On May 18, 2023, the CCI approved the acquisition of Credit Suisse Group (‘Credit Suisse’) AG by UBS Group AG (‘UBS’) (together, “Parties”) by way of an absorption merger, with UBS being the surviving legal entity (‘Proposed Combination’[1]). As part of the absorption, all Credit Suisse’s assets, liabilities, and contracts will be transferred to UBS in their entirety and Credit Suisse will cease to exist as a separate legal entity by operation of law, upon completion of the Proposed Combination. Therefore, UBS will acquire complete control over Credit Suisse post completion of the Proposed Combination.
Parties to Proposed Combination
UBS is a multinational investment bank and financial services company founded and based in Switzerland, and active globally. UBS is the ultimate controlling entity for the group. UBS’ businesses comprise wealth management, asset management, investment banking services, and retail and corporate banking. In India, UBS’s business is primarily focused on brokerage services.

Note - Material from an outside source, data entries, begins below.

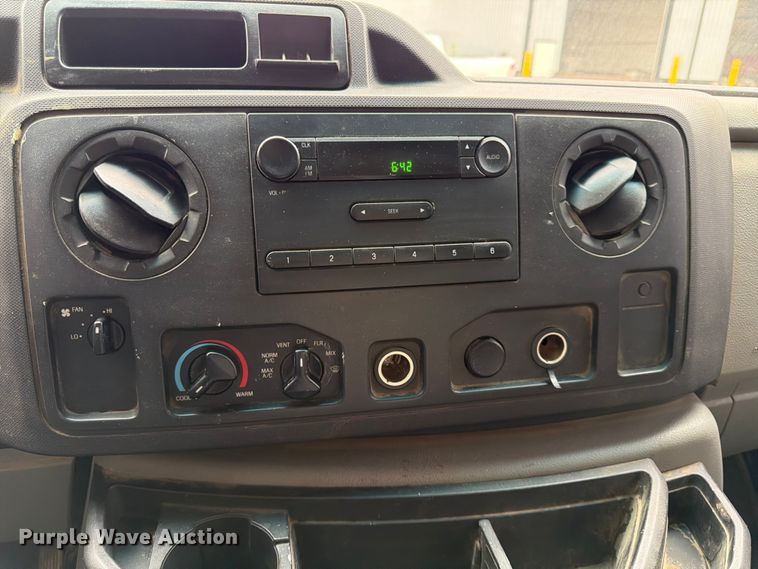 image for item FK3570 2009 Ford E350 box truck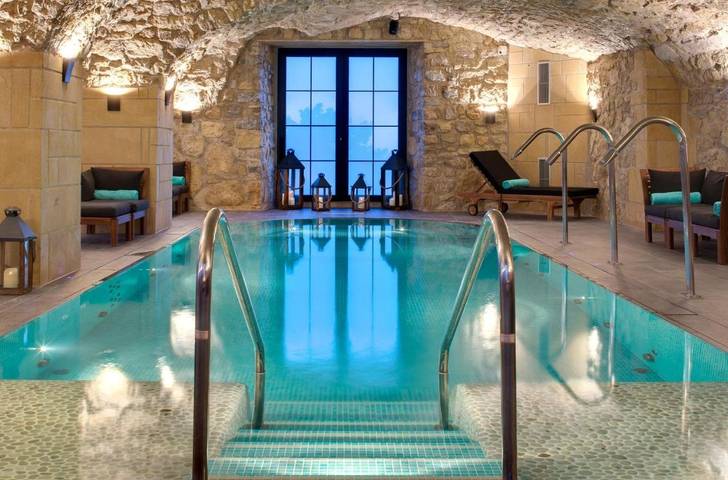 Hôtel pour 2 personnes, avec jardin et sauna ainsi que vue et piscine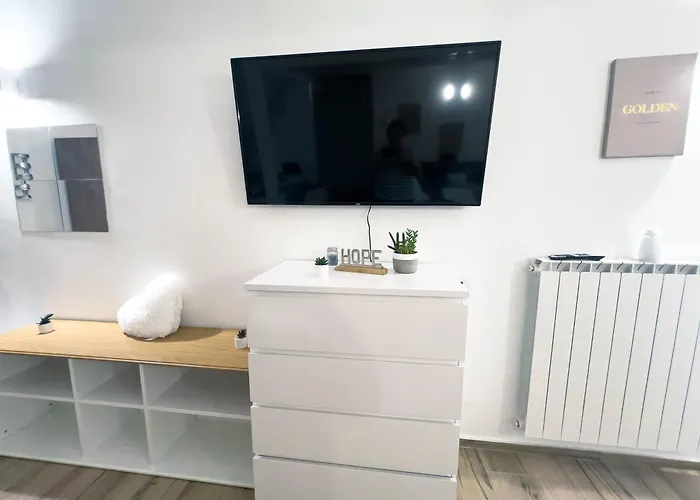 Apartment Hope Skyview Bari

Credit Suisse is a multinational investment bank and financial services company founded and based in Switzerland. Credit Suisse is active globally and its businesses comprise wealth management, asset management, investment banking services, and retail and corporate banking. In India, Credit Suisse’s businesses comprise wealth management, investment banking, and financial market services.
Relevant Market
With respect to overlaps, the parties identified the ‘Relevant Market’ as “market for brokerage services in India” which includes the segments of (i) brokerage services in cash/equity segment in India; and (ii) brokerage services in equity derivatives segment in India.
The CCI decided to assess the Proposed Combination in the Relevant Market as identified by the Parties, however, it left open the exact delineation of the market.
Competitive Assessment
The CCI observed that:
i. The combined market share of the Parties as well as the incremental market share in the Relevant Market (including sub-segments) is in the range of [0-5] %, both in terms of volume and value.
ii. The markets contain the presence of other significant players which will continue to pose competitive constraints, post-combination.
Accordingly, the CCI approved Proposed Combination, holding that it was unlikely to have any AAEC in India.
[1] C-2023/04/1024.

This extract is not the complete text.